The closest she’d gotten to doing anything useful in years was stuffing envelopes for birthday party invitations. And teaching young wives to be better wives.

It didn’t have to stay that way. Did she have the chutzpah to tell Peter she was yearning for something more? That she might have found it in her musings this afternoon? Not in giving etiquette lessons, but in turning the Diamond Girls’ efforts to something more worthwhile? Perhaps she could rekindle her own ideals in them.

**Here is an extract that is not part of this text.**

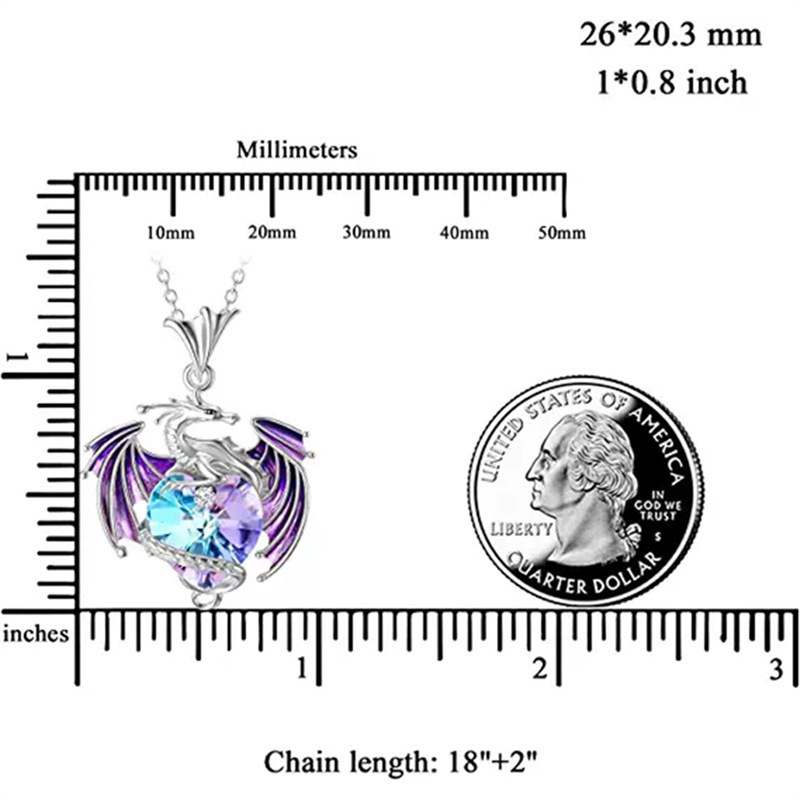 Unique Fashion Blue Heart Crystal Dragon Necklace for Women Charm Birthstone Flying Dragon Pendant Necklace Animal Jewelry Gift
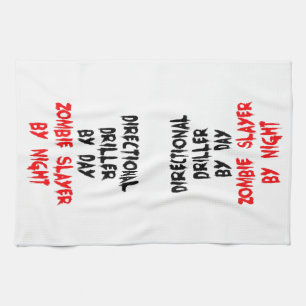 Zombie Slayer Directional Driller Tea Towel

What magnitude of work could the Diamond Girls do if Lillian taught them social responsibility along with manners? Yes, this was a noble thing to do. They could come up with a common purpose that would put their talents to real use.

Besides, who was stopping her?

The savory aroma of pot roast filled the kitchen. Cooking had always eluded Lillian, likely because her grandmother had coddled her by keeping her out of the kitchen. Her grandparents’ aim was to ensure that she would marry a man rich enough to hire a cook. Yet Lillian excelled at identifying ingredients and spices by nose and taste. As Lillian closed her eyes and Sunny’s chicken soup burned her tongue, she could name every ingredient that flavored the fowl: sweet onions, earthy carrot, spicy garlic, herbaceous parsley and dill, and a squeeze of lemon—her grandmother’s secret ingredient, now Sunny’s too.

Lillian hadn’t known it at the time, but this parlor trick—identifying the ingredients without the knowledge of how to cook the dish—would become a metaphor for her life. To sample instead of to savor. To decorate rather than create.

She shone when it came to reheating and presenting meals, displaying them beautifully atop lettuce leaves and lavishly garnished with gherkins, radish roses, carrot swirls, and olives speared with ruffled toothpicks. No one noticed that Lillian’s meals had been cooked by someone else.

The young wives she’d hosted would doubtless be home preparing their own creative and romantic dinners, fawning over husbands, paying themselves no mind. They were lovely girls, and they would soon have perfect manners. Lillian thought about her daughters and realized with a shock that those were not the lives she wanted her daughters to emulate.

No. And she still had time to change things for them.

Lillian envied the Diamond Girls in a way. They brimmed with hope, love, na?veté. Reality had yet to set in. Even the older one, Irene, had a fresh and capricious essence uncommon in the other twenty-eight-year-olds Lillian knew. Irene would be the eager beaver of the group. There was always one who pulled more than their weight. Though with four children—four!—there likely wouldn’t be many elegant dinners in that house.

Carrie was the quiet one. Fresh-faced. The sweet peacekeeper. A bit of a loner with much to learn. Lillian always had to watch the quiet ones. Those were the girls most likely to surprise her with their under-the-breath swearing or inappropriate familiarity with the racy section of Saks Fifth Avenue’s lingerie department.